Measure What Matters 🧐


There is a wide variety of improvements engineers can contribute to. These could be improvements in the workflow, cost-savings and often new features to the product. Some tangible numbers connect the business with the value of the improvements engineers are working on. This is great. All engineers should strive to be as metric-driven as possible in everything they do.
But things can still get slippery. There is a joke in the industry that statistics is “the art of deceiving yourself with highly precise numbers”. The more time I spend in the industry, the less this feels like a joke. It’s still funny, though.
In this post we’ll explore how entirely valid metrics can sidetrack us on our way to delivering the highest value. Behind all numbers, something much more important must be present - meaningful impact. As always, we’ll explore what separates the best from the rest.
The metric trap
The team was highly motivated and had their eyes on a target - reduce the end-to-end latency of their platform by 10ms. This is a 50% improvement over the existing 20ms!
They did their due diligence — fully grasped the system, identified an opportunity, drafted a proposal and got it approved. And from that point on, they were on their way. A few months of development, and three senior engineers later - the latency was cut in half. The team is very proud, as they made the system measurably better. Or so they thought.
The latency was significantly improved - so what? Not trying to be rude, but practical. What does this improvement really mean for the system, the business and profits? Without a doubt, a measurable improvement was made. However, they are still left to prove that this particular system improvement has enabled a business improvement.
What if no one cared about the latency being 20ms? What if it was good enough? What if this segment of the platform can function with a 100ms latency and not a single customer would notice the difference? What if the team spent the last few months chasing a number no one cares about being improved?

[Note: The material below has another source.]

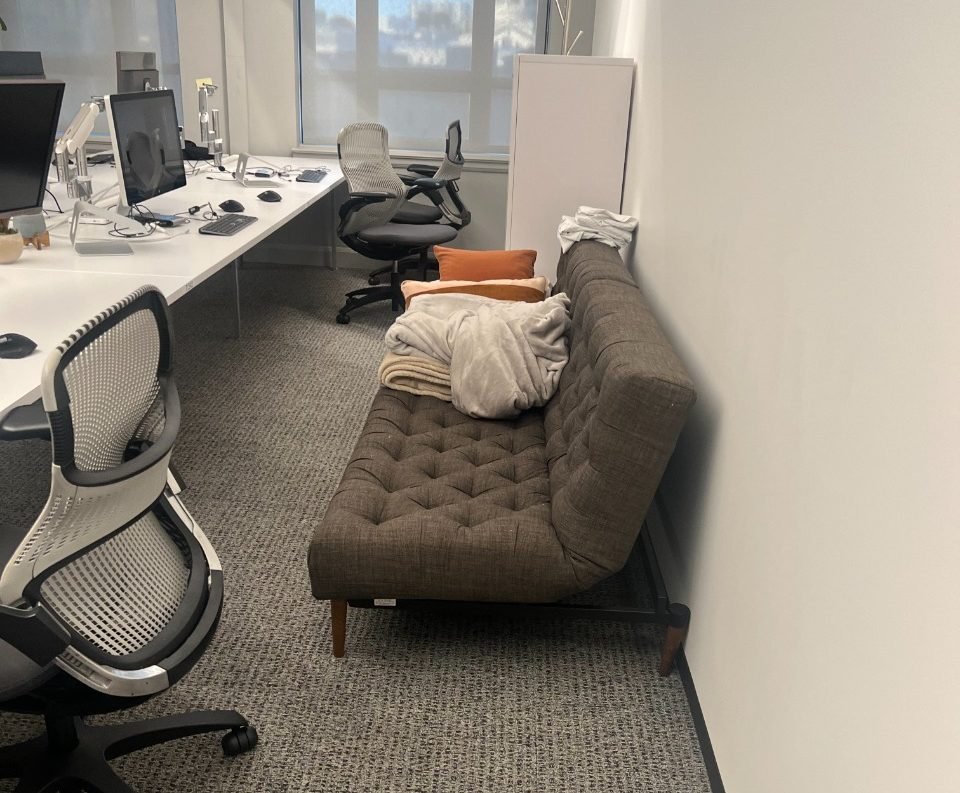 Trabalha e dorme: rotina hadcore para funcionários de Elon Musk requer que alguns deles durma próximos da mesa de trabalho (Foto/Reprodução)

Metrics are not equivalent to results. They represent a measurable aspect of results, but the relevant, bottom-line results are much more nuanced.
The alternative
Let’s explore how the best engineers avoid this trap. As you can tell by the example above, we were able to discard the improvement relevance by asking many somewhat vague and diverse questions. Yet the questions had a theme - searching for practical value to the business.
I’ve spent a lot of time trying to gauge how top engineers make this distinction. What is the razor they use to cut through the fluff and see the true relevance? I have finally found it - in medicine.
There is a difference between statistically significant results and clinically significant results. The idea is the following: improvements are only valuable if they make a difference to the bottom line.
For example, you buy a new phone charger that is able to charge your phone 200% faster. But the phone itself can only accept power at a fixed rate, rendering the improvement useless. Within a context.
Another example would be improving a manufacturing process in a factory, while the shipping and delivery are the bottlenecks causing the delay. Improvements are very real, but the bottom line did not move an inch. In a different context, this may help the business. In this one it doesn’t.
Top engineers refuse to deceive themselves. They refuse to improve for the sake of improving. They understand that effort spent in one avenue is effort taken away from all others - so it really matters how they allocate it. Measure, don’t guess. But always keep your eyes on the bottom line.
The takeaway
The best engineers optimise for the business, not just metrics.
Success isn’t about moving numbers—it’s about making a difference.
Think about statistical significance and clinical significance when making decisions what to focus on.
Frequently ask “why”, “so what”, “how does it relate”, “does it matter”, etc.